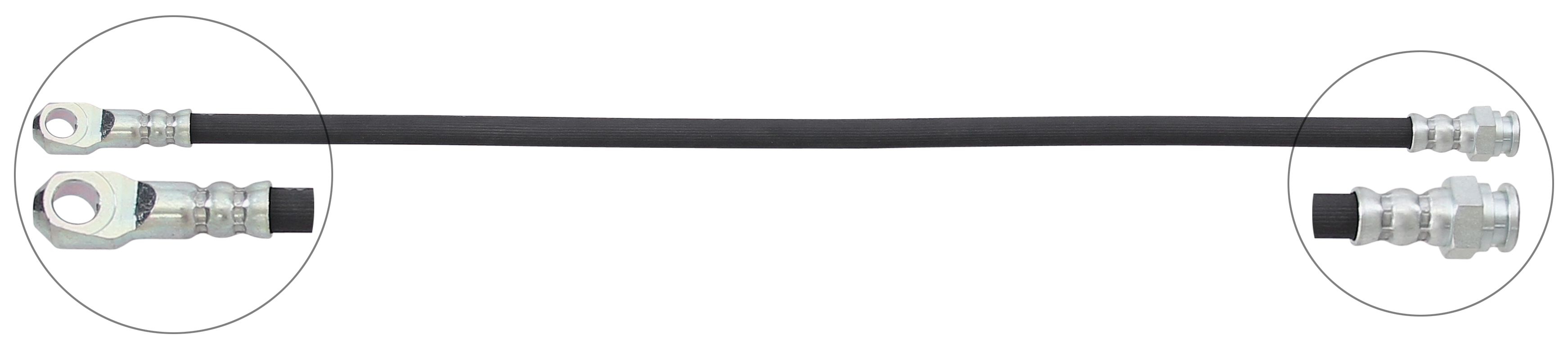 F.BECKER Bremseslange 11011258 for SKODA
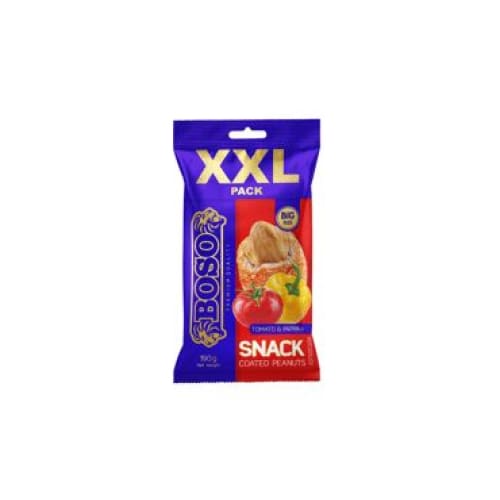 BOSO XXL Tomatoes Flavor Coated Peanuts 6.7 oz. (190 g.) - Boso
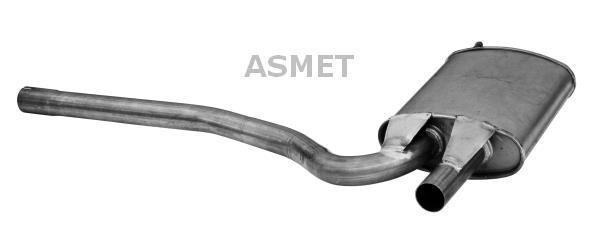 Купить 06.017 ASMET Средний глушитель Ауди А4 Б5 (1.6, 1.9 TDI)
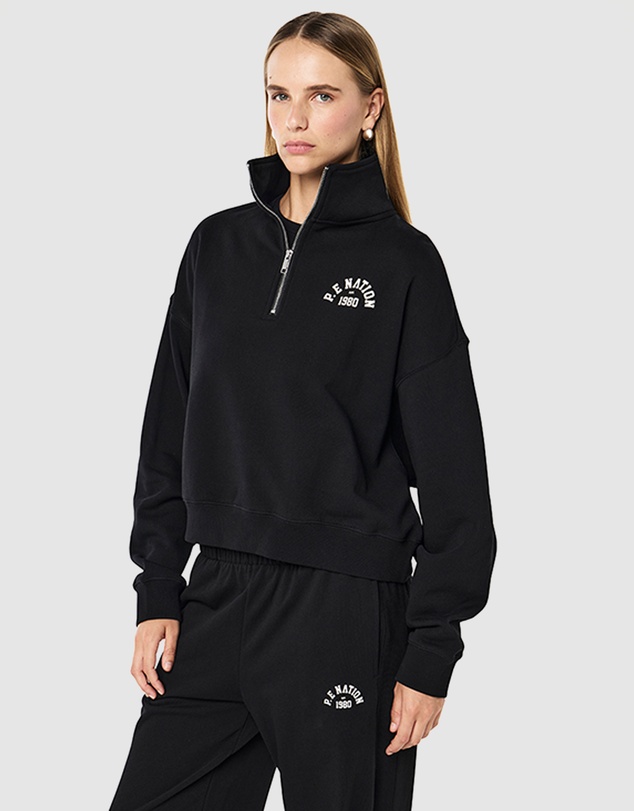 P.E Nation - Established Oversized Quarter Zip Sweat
================
• **Required work**:
Without any of its pictures, the listing is to be repeated exactly as it stands.

• **Written response**:
 F.BECKER Bremseslange 11011258 for SKODA
 BOSO XXL Tomatoes Flavor Coated Peanuts 6.7 oz. (190 g.) - Boso
 Купить 06.017 ASMET Средний глушитель Ауди А4 Б5 (1.6, 1.9 TDI)
 P.E Nation - Established Oversized Quarter Zip Sweat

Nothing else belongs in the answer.